Soon it became clear, however, that there was a need for a major project that could serve as a source for knowledge of gender issues not only in the Czech context but in the entire Region of the former Soviet block. In 1996 the idea of the Women's Memory project emerged. The aim of this project was to grasp the history of women under socialism, in all its complexity. We wanted to challenge the established myths and clichés about "socialist woman", often presented as some kind of heroic female tractor driver. We wanted to document the life experiences of women of three generations born between 1920 and 1960. We were interested above all in their life strategies and in their personal culture of survival.
The complexity of relations between socialism and gender issues can never be fully grasped from one discipline only. Therefore the national research teams included women from various disciplines, such as sociology, history, linguistics, psychology, philosophy, ethnography, anthropology and journalism. Nevertheless the aim of the project cannot be reduced to its cognitive aspects. It is unique in the sense that it goes far beyond the academic community and is oriented towards the large population in the related countries and hopefully will have an impact on a society as a whole.
So what does the project look like today?
To date the project has been conducted by 6 national interdisciplinary research teams from the Czech Republic, Slovakia, the former East Germany, Poland, Croatia, Serbia, Montenegro and Ukraine. Till today their work has resulted in 470 interviews and approximately 20 000 pages of transcription. The archive - located in the Gender Studies Center in Prague - includes hundreds of tapes and minidisks; 7 books of edited interviews in different local languages have been published.

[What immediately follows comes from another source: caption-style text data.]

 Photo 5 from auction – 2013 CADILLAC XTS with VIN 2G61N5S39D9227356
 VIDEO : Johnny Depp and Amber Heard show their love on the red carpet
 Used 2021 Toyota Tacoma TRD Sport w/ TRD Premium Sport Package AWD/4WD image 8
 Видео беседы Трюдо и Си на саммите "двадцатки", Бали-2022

Even though the project has attracted a large number of researchers, we have always had to confront the problem of - where to find the money for it? It became obvious that a single financial resource, which would completely cover the needs of the project, simply was not available. We could not dream of anything comparable to Spielberg's funding of the Holocaust project. Only the German team has state funding. For the other national teams, funding has so far been very fragmented and sporadic.

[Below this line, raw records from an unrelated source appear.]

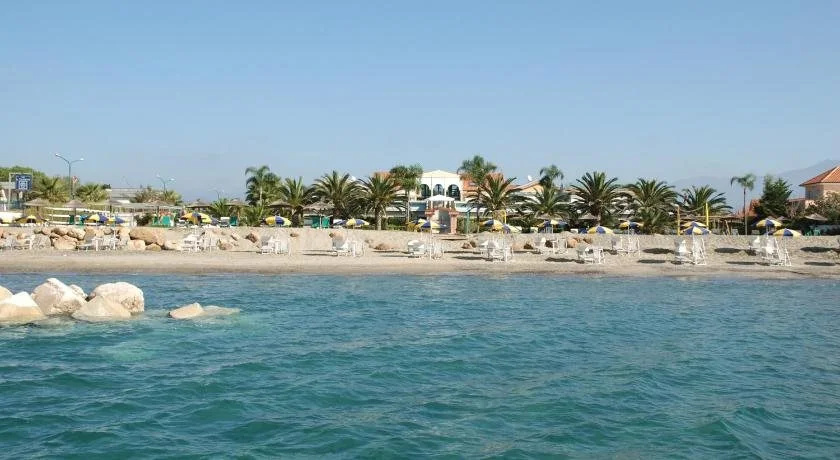 Beach & Waterfront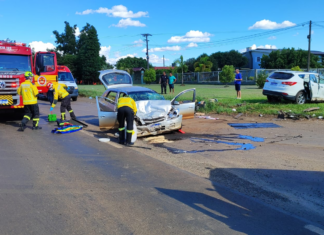 Bombeiros divulgam relatório do acidente que deixou duas pessoas feridas em Chapecó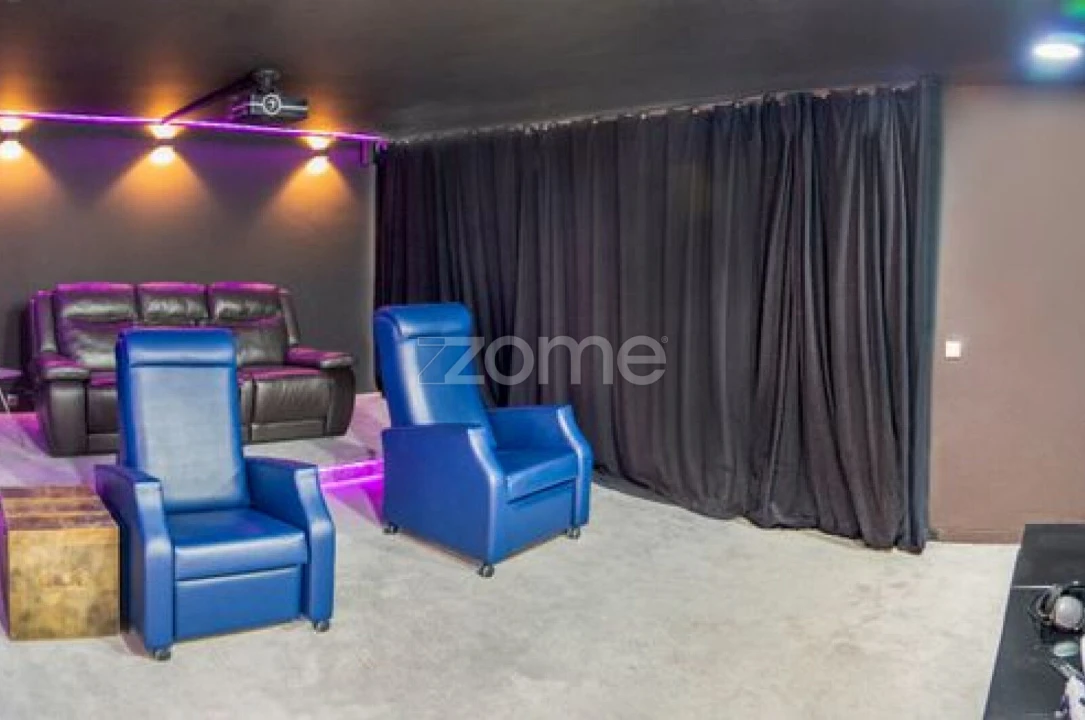 Moradia T4 para Arrendamento em Santa Maria e São Miguel, São Martinho, São Pedro Penaferrim Foto 33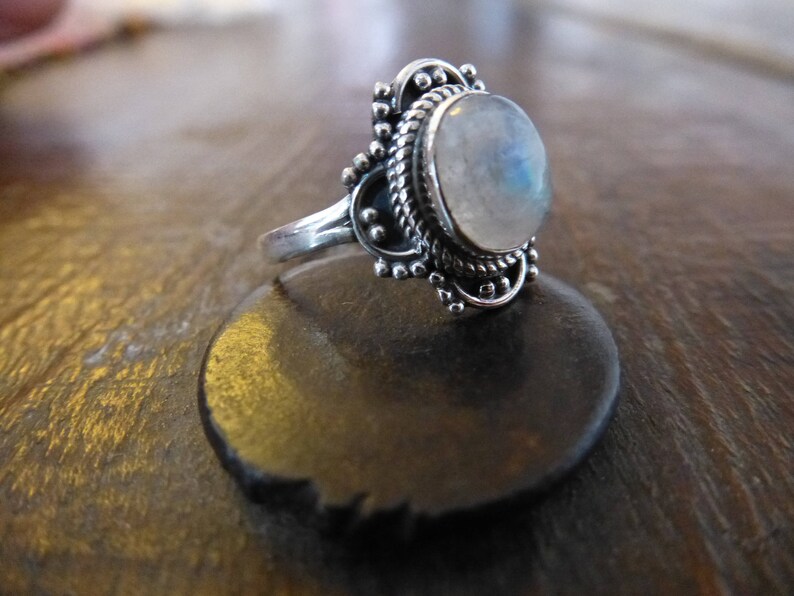 Indian 925 silver Rainbow Moonstone Solitaire Silver Ring ~ hand made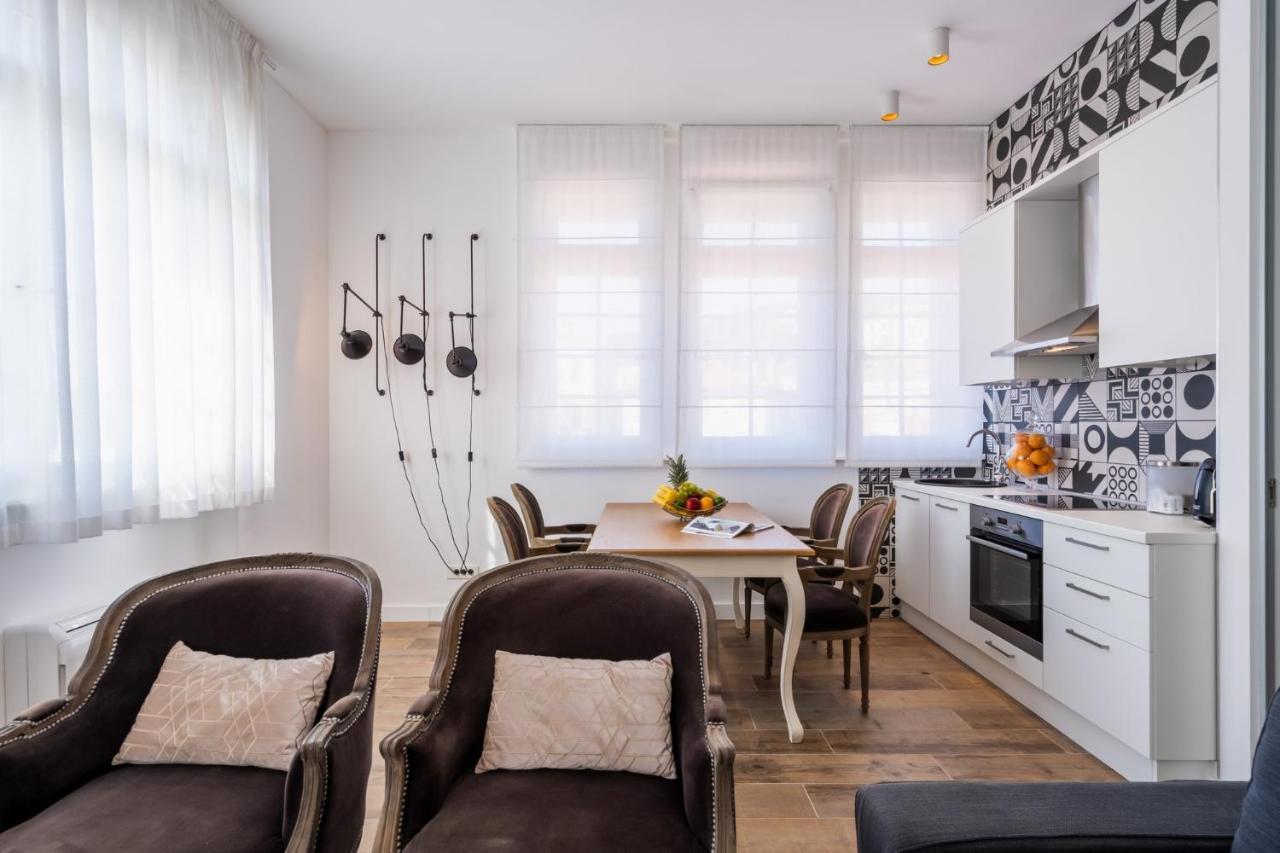 AH Design Apartments Deluxe Opatija Buitenkant foto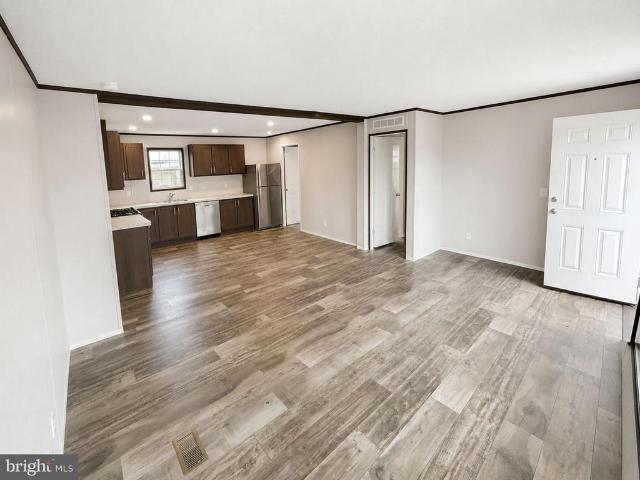 17 Ann St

But perhaps more important than the funding issue was the question of methodology. Feminist developments of the social sciences have challenged the traditional male dominated interpretation of the world. For instance, it has emphasized the importance of personal experience as a part of the research method. For this reason many feminist researchers are applying narrative and biographical approaches. According to these methods, history does not represent a set of events, but is a result of interaction between individuals. It is the meaning and significance attributed to the events by the individuals which retroactively shapes historical "reality". The choice of the method of oral history based on interviews for this project seemed to us quite logical. This method is rooted in the oral transmission of information and particularly in family narratives. We are interested in lived experience rather than so-called objective truth.

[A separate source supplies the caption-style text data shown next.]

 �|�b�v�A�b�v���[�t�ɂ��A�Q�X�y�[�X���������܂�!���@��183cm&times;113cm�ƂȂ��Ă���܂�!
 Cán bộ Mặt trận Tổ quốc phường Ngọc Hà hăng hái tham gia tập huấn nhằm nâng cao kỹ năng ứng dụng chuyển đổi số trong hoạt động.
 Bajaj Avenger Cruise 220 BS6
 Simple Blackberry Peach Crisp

The elaboration and finalization of our method lasted over a year. While we initially drew on the experience of other related projects, out own method was shaped by the actual process of interviewing itself. The methodology has been further developed at five international workshops. At these workshops, while respecting the cultural, religious and historical differences between involved teams from different countries, we had to established an agreed common ground which would enable us to compare the project results internationally.